R: How to conduct Two-sample T-test?

2021-02-20 森林語言學筆記

引言:本文基於案例分析,介紹了如何運用R語言進行雙樣本T檢驗來判定兩個沒有聯繫的總體樣本均值間是否存在顯著的差異。通過搜集華南師範大學30名男生和30名女生(樣本)每天花在網絡上的時間,來判定學校所有男生和女生(總體)在使用網絡時間上是否有顯著性差異。內容包括:繪製箱型圖進行數據可視化、無效假設(H0)、備擇假設(H1)、用Shapiro-Wilk test來檢測數據是否符合正態分布、用F-test檢測方差是否相等、將p-value與顯著性水平0.05進行比較、以及T-test(方差相同時)和Welch t-test(方差不相同時)。

 

The purpose of the article is not to explain everything behind t-test. Instead, I intend to offer a simplified way to use the tool, based on a case study, in a way that readers without statistics background could understand. It is advisable to focus on the big picture rather than details. Readers are recommended to copy and paste the code and run it in RStudio to see whether to get the same result. Lastly, t-test is much more complicated than what I describe below. Readers who are interested in the statistical tool should refer to further readings.

 

Vocabulary


population
總體

sample

樣本
mean均值
normal distribution正態分布
variance
方差
significant difference
顯著性差異
hypothesis
假設

Two-sample T-test is used to compare the means of two unrelated groups of samples. Let’s put the definition aside and look at a case study. 

 

Case study

 

You want to know whether there is a difference in the amount of time that male students and female students spend online each day at SCNU. The only way you can be 100% sure about the answer is to ask all the students in the college (population) to collect the data and compare their means. In reality, it is not practical to conduct such a survey.

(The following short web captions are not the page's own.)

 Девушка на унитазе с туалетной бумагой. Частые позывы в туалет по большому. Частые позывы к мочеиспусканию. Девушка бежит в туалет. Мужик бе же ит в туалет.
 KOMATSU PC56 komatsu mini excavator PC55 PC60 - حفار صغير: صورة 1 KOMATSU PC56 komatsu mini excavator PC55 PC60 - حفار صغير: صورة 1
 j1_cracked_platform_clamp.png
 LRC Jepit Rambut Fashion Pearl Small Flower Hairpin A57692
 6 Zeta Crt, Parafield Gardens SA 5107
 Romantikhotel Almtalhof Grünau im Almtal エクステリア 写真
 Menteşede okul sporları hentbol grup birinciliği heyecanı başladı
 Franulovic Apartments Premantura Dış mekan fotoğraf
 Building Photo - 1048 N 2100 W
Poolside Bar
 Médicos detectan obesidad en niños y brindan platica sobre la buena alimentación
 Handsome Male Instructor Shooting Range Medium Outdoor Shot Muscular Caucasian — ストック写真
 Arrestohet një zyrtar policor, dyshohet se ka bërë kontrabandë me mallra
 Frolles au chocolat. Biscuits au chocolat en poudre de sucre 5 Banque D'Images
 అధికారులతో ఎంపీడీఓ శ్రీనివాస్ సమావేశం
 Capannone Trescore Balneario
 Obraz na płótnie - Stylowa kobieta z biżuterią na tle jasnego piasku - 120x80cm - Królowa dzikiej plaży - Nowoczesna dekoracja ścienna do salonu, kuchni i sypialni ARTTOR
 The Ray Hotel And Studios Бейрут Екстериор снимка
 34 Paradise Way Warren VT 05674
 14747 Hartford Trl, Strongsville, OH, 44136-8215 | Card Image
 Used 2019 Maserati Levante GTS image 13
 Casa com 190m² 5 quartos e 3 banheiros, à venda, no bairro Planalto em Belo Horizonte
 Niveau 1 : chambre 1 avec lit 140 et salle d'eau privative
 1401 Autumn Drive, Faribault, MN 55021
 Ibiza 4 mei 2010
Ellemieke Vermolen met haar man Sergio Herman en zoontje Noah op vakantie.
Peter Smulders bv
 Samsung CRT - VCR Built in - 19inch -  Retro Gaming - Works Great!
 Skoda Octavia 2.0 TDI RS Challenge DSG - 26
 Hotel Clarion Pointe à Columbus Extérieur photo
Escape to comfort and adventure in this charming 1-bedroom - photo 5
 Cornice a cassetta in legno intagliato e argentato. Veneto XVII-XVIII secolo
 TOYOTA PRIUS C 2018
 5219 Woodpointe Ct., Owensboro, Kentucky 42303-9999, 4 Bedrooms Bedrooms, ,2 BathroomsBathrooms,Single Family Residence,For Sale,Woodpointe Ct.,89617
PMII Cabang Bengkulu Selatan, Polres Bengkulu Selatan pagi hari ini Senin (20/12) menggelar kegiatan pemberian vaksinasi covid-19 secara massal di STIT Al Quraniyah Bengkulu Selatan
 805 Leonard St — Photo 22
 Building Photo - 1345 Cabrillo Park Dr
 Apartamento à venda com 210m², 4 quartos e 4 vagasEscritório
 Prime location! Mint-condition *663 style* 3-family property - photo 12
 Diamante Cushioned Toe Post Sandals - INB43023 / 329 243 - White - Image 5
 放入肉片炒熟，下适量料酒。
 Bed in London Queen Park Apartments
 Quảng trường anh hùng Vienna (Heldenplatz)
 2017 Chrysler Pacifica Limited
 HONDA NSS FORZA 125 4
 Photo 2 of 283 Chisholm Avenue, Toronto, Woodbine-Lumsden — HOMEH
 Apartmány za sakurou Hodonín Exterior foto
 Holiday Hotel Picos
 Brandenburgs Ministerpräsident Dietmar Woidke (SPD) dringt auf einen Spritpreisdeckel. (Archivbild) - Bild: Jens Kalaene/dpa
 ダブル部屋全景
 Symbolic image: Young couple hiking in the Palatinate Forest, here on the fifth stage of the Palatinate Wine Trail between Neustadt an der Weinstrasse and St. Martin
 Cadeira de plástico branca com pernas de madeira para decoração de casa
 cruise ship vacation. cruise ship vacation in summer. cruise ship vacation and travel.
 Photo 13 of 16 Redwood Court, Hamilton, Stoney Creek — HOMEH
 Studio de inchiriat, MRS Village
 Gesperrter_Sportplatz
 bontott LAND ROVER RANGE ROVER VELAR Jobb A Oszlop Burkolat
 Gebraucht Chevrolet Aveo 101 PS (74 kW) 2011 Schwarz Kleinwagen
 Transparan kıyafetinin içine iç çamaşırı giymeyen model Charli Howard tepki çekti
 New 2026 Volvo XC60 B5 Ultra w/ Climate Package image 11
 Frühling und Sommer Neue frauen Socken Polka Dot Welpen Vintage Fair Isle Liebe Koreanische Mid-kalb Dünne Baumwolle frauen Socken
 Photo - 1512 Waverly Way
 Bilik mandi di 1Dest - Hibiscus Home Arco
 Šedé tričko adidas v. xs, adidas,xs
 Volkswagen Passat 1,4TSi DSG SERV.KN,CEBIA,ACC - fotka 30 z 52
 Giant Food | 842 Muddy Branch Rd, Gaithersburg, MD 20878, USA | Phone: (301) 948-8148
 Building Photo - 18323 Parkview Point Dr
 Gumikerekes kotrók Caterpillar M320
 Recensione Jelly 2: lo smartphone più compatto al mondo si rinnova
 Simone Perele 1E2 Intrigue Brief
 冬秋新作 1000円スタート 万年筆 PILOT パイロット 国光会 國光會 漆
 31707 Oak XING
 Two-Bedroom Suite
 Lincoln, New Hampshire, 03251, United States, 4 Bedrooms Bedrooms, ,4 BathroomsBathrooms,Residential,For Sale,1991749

However, you can take a random sample from each population and make your inference with some degree of certainty by comparing their means.

 

Sample data

 

# hours of 30 male students at SCNU spending online each day

time_male <- c(5, 6, 9, 6, 6, 10, 7, 4, 5, 5, 9, 7, 7, 6, 5, 10, 7, 2, 8, 5, 4, 6, 4, 5, 5, 3, 8, 7, 4, 9)

 

# hours of 30 female students at SCNU spending online each day

time_female <- c(5, 4, 6, 6, 6, 6, 6, 5, 4, 4, 4, 4, 3, 8, 7, 3, 4, 4, 6, 5, 5, 5, 5, 7, 4, 7, 2, 6, 3, 2)

Visualization

 

We can draw box plot to visually demonstrate the data.

 

# Create a data frame

my_data <- data.frame(Gender = rep(c("Male", "Female"), each = 30),  Hours = c(time_male, time_female) )

 

# Visualize the data using box plot

install.packages("ggpubr")

library("ggpubr")

ggboxplot(my_data, x = "Gender", y = "Hours", color = "Gender", palette = c("#00AFBB", "#E7B800"), las = 1, ylab = "Hours", xlab = "Gender")

 

Hypotheses

 

In order to answer the research question, we need to form two hypotheses.

 

H0: No difference in mean / the difference is due to chance

H1: The two means are different / the difference is significant

 

In statistics, 「significant」 means probably true (not due to chance).

 

However, before we conduct t-test, we need to know (1) whether the two sets of data follow normal distribution; and (2) whether the variances of the two sets of data are equal or not.

 

(1) Normal distribution

 

Shapiro-Wilk test examines whether the data follows normal distribution. The graph below shows a normal distribution.

 

 

# Shapiro-Wilk test

shapiro.test(time_male)

shapiro.test(time_female)

The two p-values are 0.3331 and 0.248, respectively. Since they are greater than the significance level 0.05, the result implies that the two sets of data are not significantly different from normal distribution. In other words, we can assume the data follows normal distribution so it passes Shapiro-Wilk test.

 

(2) Variances

 

Variance measures how far each number in the set is from the mean. If the variances of the two groups are equivalent, we use t-test. If not, then Welch t-test.

 

F-test (optional)

 

We can conduct F-test to compare the variances of the two samples.

 

# F-test to compare the variances

res.ftest <- var.test(time_male, time_female)

res.ftest

 

The p-value is 0.111. It is greater than 0.05, which implies that the variances are not significantly different. Therefore, we can use the classic t-test which assume equal variances now.

 

T-test 

 

# T-test 

res <- t.test(time_male, time_female, var.equal = TRUE)

res

The p-value is 0.007992. Since it is less than 0.05, we can reject H0 and accept H1. Therefore, we can conclude that there is a significant difference in the amount of time that male students and female students spend online each day at SCNU.

 

Welch t-test 

 

However, you do not have to use F-test. You can just assume unequal variances without comparing them and use Welch t-test, which is considered as a safer one.

 

# Welch t-test to compare the means of two samples

res_welch <- t.test(time_male, time_female, var.equal = FALSE)

res_welch 

Still, we focus on the p-value, which is 0.008172. Since it is less than the significance level 0.05, we have reason to reject H0 and to accept H1.  

 

If you are not sure whether they have equal variances or not, always use Welch t-test. So you only need to decide whether the data follows normal distribution or not, then you can use Welch t-test. Finally, you make your inference/conclusion based on the p-value, which is pretty easy!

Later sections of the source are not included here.